The Greatest Commandments

By October 30, 2017 No Comments
The Twenty-first Sunday after Pentecost, Year A, 2017 – Deuteronomy 34:1-12; 1 Thessalonians 2:1-8; Matthew 22:34-46

There was a study at Princeton Theological Seminary in 1973. Two social psychologists met with forty seminarians. In one building they completed a questionnaire, then they were instructed to walk across campus to another building to give either a talk on their vocational careers or a talk on the parable of the Good Samaritan.

They were also told to hurry, but to different degrees – slight, medium, and extreme hurry. On the way to the second building, they encountered a person slumped in plain sight, appearing to be in need of help, who was an actor.

The presumption was that people who are religious in a Samaritan fashion will be more likely to help than those of a priest or Levite fashion. The students were in a conflict between helping the victim and meeting the needs of their given tasks.

The result showed that only 10% of those who were in the high hurry category stopped to offer aid to the suffering actor, whereas 63% of those who knew they had a few minutes to spare offered help.

Although the sample size of this study was relatively small, the research outcome suggests that the acts of kindness are largely influenced by situational factors, not simply dispositional ones or any special vocational trainings.

Before we make any presumptions or judgement, let’s consider that thinking about ethical norms and values does not necessarily imply that one will act on them.

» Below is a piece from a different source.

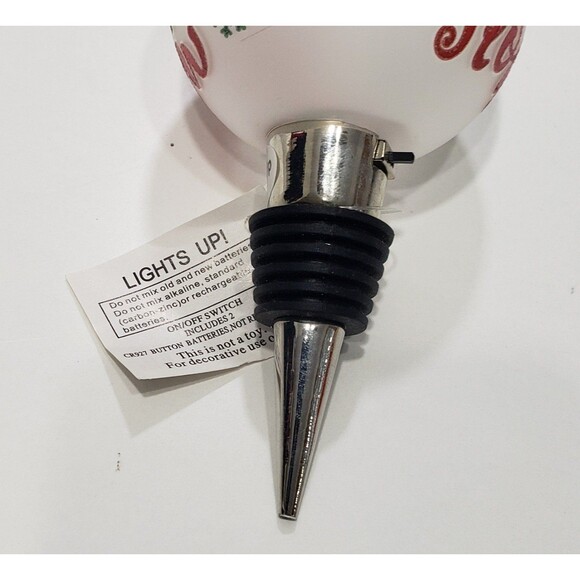 NEW Light Up Christmas Wine Stopper, "Let it Flow Let it Flow Let it Flow" - Picture 3 of 4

Ethics is a practice in the context of need, and Christian ethics, in particular, reflects God’s expectations for us so that not our moral characters but His divine character can be known to those around us by our faithful pursuit of God’s will as we live our lives for His purposes.

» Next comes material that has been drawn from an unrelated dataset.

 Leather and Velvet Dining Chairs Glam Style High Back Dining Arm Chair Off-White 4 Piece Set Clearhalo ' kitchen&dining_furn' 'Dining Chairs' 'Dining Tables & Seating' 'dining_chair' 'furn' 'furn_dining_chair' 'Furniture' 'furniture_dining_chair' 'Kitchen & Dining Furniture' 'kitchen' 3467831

Judaism has fine ethical and religious rules. If we go back to the time of Jesus, there were the 613 commandments, so there was a need to reduce the number of those rules to some simplicity.

This explains some social context of the Gospel we read today. When the law keepers ask Jesus about which ones are the greatest commandments, Jesus answers them in a simple form. The greatest of all is to love – the love for God and the love for our neighbours, and he adds that all the other laws are hanging on these two.

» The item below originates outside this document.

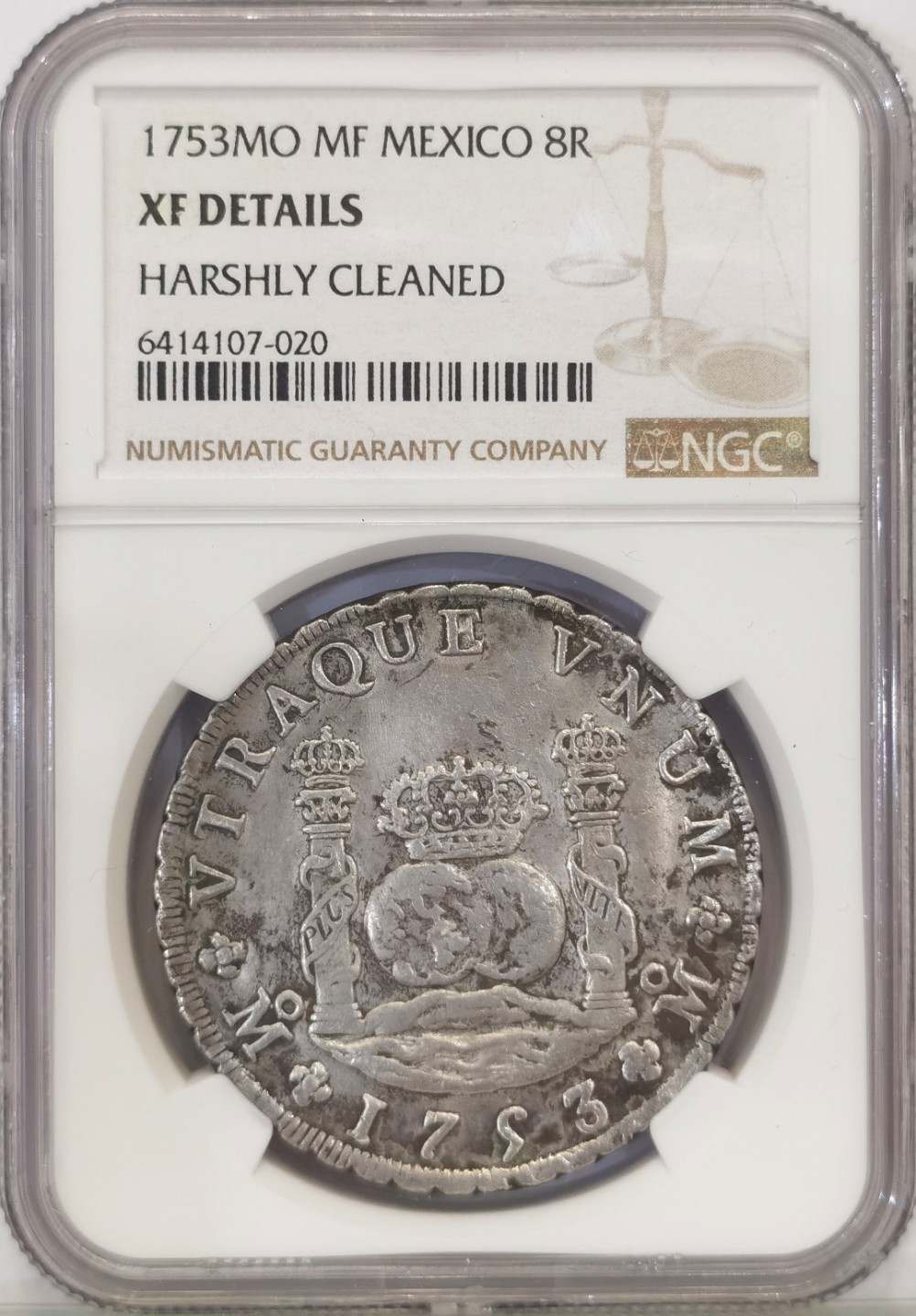 博洋堂世界钱币拍卖第022期（全场包邮） NGC XF 墨西哥地球 1753 8里亚尔 中早期地球 难得原味 深打 性价比很高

Love based on erotic feelings or ecstatic expressions comes and goes, but agape, the unfailing love in reverent devotion travels beyond time and space and transcends our relationships.

In War and Peace, Leo Tolstoy wrote: “Someone dear to one can be loved with human love; but an enemy can only be loved with divine love…. Loving with human love, one may pass from love to hatred; but divine love cannot change. Nothing, not even death, can shatter it. It is the very nature of the soul.”

I came from a country that has been divided for sixty-four years by war. When I visited South Korea in 2010, the headline news in the morning the day after my arrival was about the bombardment from the North on an island 75 miles away from my hometown, Seoul. The 1953 armistice put into force a cease fire, but war itself has not ended. I find it very difficult to love people who hurt people.

In his book The Art of Loving, a socio-psychologist, Erich Fromm, defines love from another angle and gives us an insight. He says that “love is a decision; it is a judgment; it is a promise.”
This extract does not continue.